WORKING DATA
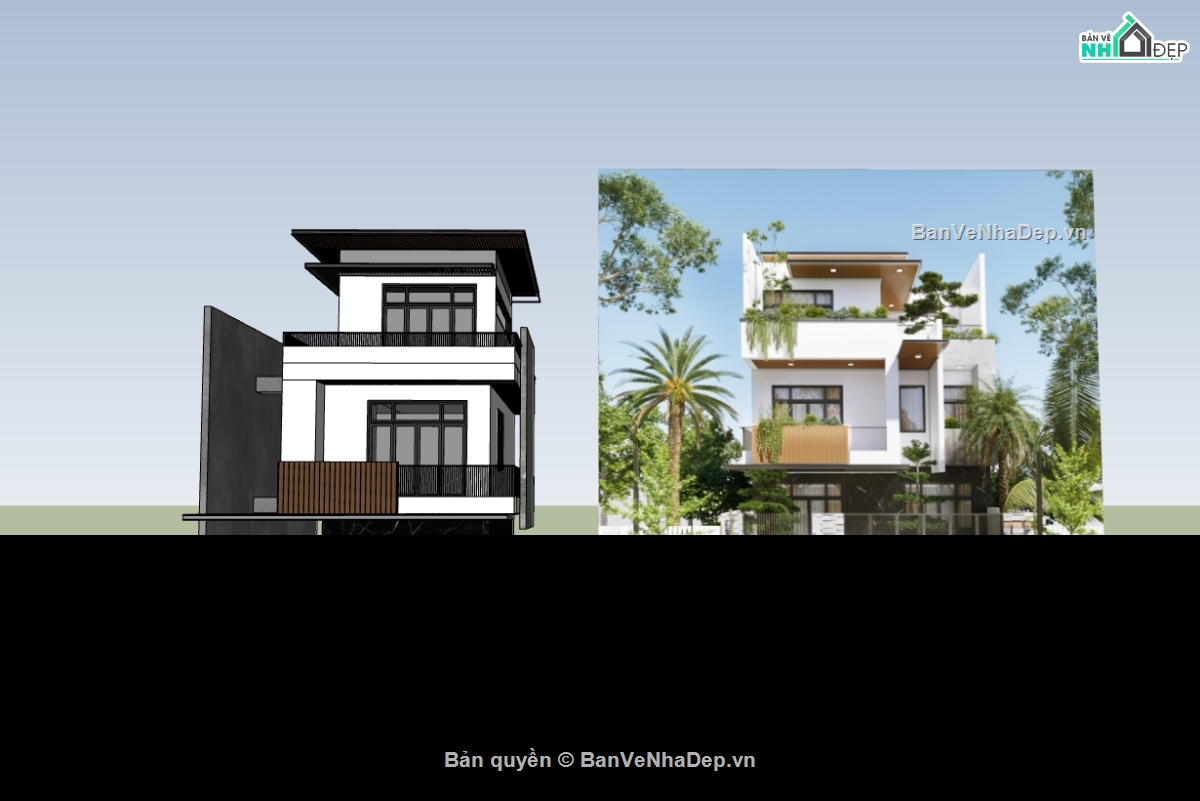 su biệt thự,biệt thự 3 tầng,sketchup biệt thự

==

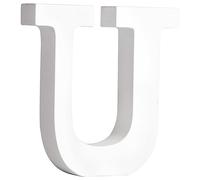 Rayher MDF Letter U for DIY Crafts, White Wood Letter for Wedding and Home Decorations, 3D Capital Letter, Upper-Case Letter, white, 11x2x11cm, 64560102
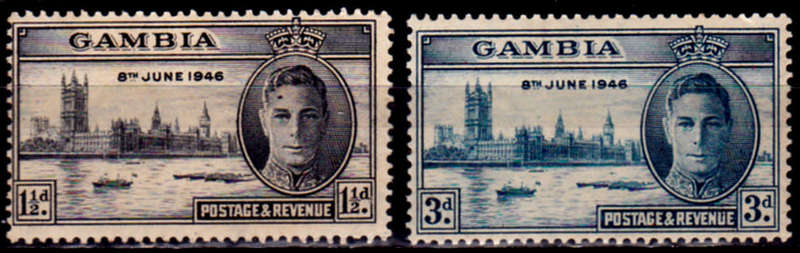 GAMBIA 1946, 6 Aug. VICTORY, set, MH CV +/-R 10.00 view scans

PROBLEM TO SOLVE
Would you output only the span of the records above that opens with the line containing "Rayher MDF Letter" and closes with the line containing "GAMBIA 1946, 6", ends included and pictures dropped?

RESPONSE AREA
 Rayher MDF Letter U for DIY Crafts, White Wood Letter for Wedding and Home Decorations, 3D Capital Letter, Upper-Case Letter, white, 11x2x11cm, 64560102
 GAMBIA 1946, 6 Aug. VICTORY, set, MH CV +/-R 10.00 view scans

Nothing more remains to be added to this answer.